TAMPA — Linda McHale admits she and her husband didn't know much about concussions when two of their sons played organized youth football.
But that was before her husband, former Tampa Bay Buccaneers' player Tom McHale, died in 2008; before doctors learned his brain had sustained concussion-related damage.
"We never had a conversation about concussions," said McHale, adding that her husband never knowingly suffered a single concussion during his career.
The McHales aren't alone. Though a number of highly-publicized hits have thrust concussions to the forefront of conversations among doctors, trainers, officials and coaches, parents have remained largely uninformed on the topic.
A recent national poll found that among parents with children aged 12-17 who play school sports, only 8 percent have read or heard about the risks of repeat concussions, and more than half didn't know if their children's school had a policy about returning to sports after a concussion.
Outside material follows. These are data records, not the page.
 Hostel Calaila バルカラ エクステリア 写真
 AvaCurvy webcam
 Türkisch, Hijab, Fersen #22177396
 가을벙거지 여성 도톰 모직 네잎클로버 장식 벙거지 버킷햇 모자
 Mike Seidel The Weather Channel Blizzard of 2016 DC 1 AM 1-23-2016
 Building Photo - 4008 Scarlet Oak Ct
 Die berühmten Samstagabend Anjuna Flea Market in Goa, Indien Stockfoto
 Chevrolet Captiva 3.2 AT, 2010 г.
"Parents need to be educated," said McHale, who now speaks on behalf of the Sports Legacy Institute, which works to advance the study and treatment of the effects of brain trauma in athletes. "I'm actually blown away by how much is known about concussions in medical literature, but how little in the public mind."
McHale, doctors and other experts say parents should ask questions of officials and coaches in the leagues in which their children play. They also should know the symptoms of concussions, and when to seek medical help.
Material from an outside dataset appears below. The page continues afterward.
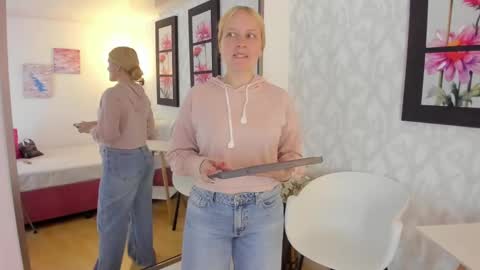 Summer 3 online show from February 12, 9:33 pm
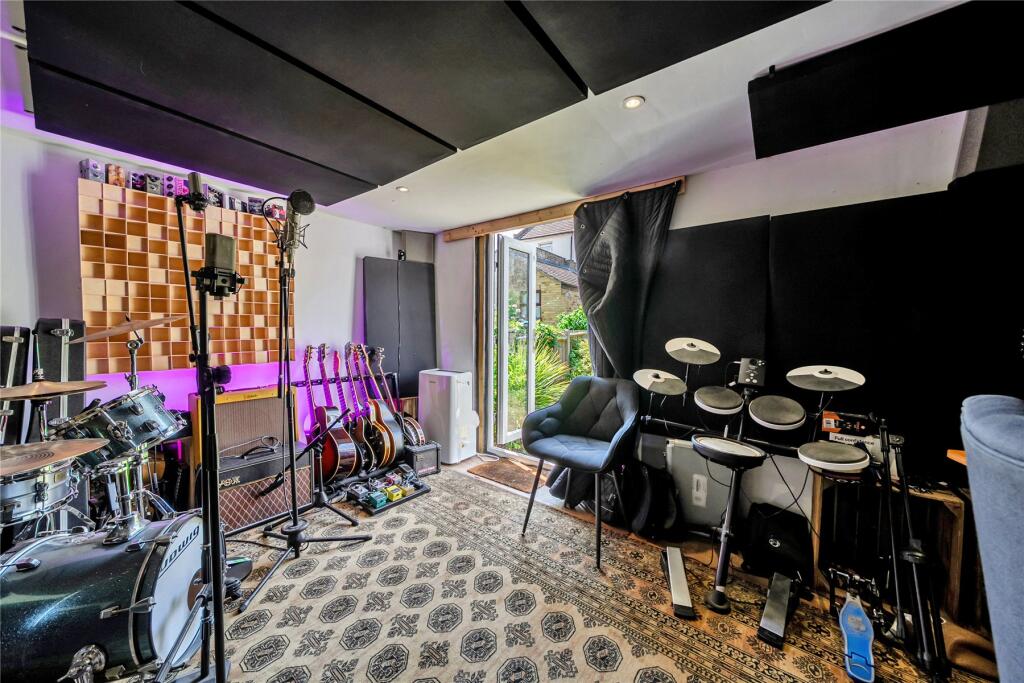 House in London, New Beckenham - More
Gianluca Del Rossi, an associate professor and head of the University of South Florida's Concussion Center, says parents should ask about:
• The qualifications and experience of the coaches, and about the techniques they teach.
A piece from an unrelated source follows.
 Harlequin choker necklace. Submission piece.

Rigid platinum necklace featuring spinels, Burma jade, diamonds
• The age and condition of the equipment. Del Rossi said older helmets can be less effective at cushioning blows. Parents should also make sure their child's equipment fits properly.
• The league's policy on when a player can return to action following a concussion. The American Medical Association now supports a requirement that kids suspected of having a concussion not return to play or practice without a physician's approval.
McHale said parents should also demand that leagues have mandatory training for coaches on concussions.
Once your child is on a team, it's also important for parents to know about concussion symptoms, and what to do if you notice them. A parent's role is crucial, because concussion symptoms may not show up until hours after the hit, said Dr. Jeffrey Kutcher, a neurologist and assistant professor at the University of Michigan.
Symptoms can include: headache, dizziness, personality changes, loss of balance, confusion, problems remembering or concentrating, slurred speech, ringing in the ears or nausea.
Kutcher recommends parents seek medical attention whenever they suspect a concussion. But parents should be aware that their child may try to hide symptoms in an effort to return to action quickly, or that their child simply isn't aware that he or she has had a concussion.
There's also the danger of subconcussive impacts — blows that don't result in concussions. Studies have shown that the cumulative effect of such blows can cause chronic traumatic encephalopathy. That's what doctors found in Tom McHale's brain.
Kutcher says that doesn't mean parents should pull their kids from sports like football.
"If the sport is played the way it's meant to be played, with proper equipment, and injuries properly diagnosed, I really feel the sports are safe," Kutcher said.
As for McHale's boys, they no longer play football. Michael, 12, now plays lacrosse and tennis, and Matthew, 10, plays tennis.
"It took away my husband and their dad," she said. "It just hits a little close to home."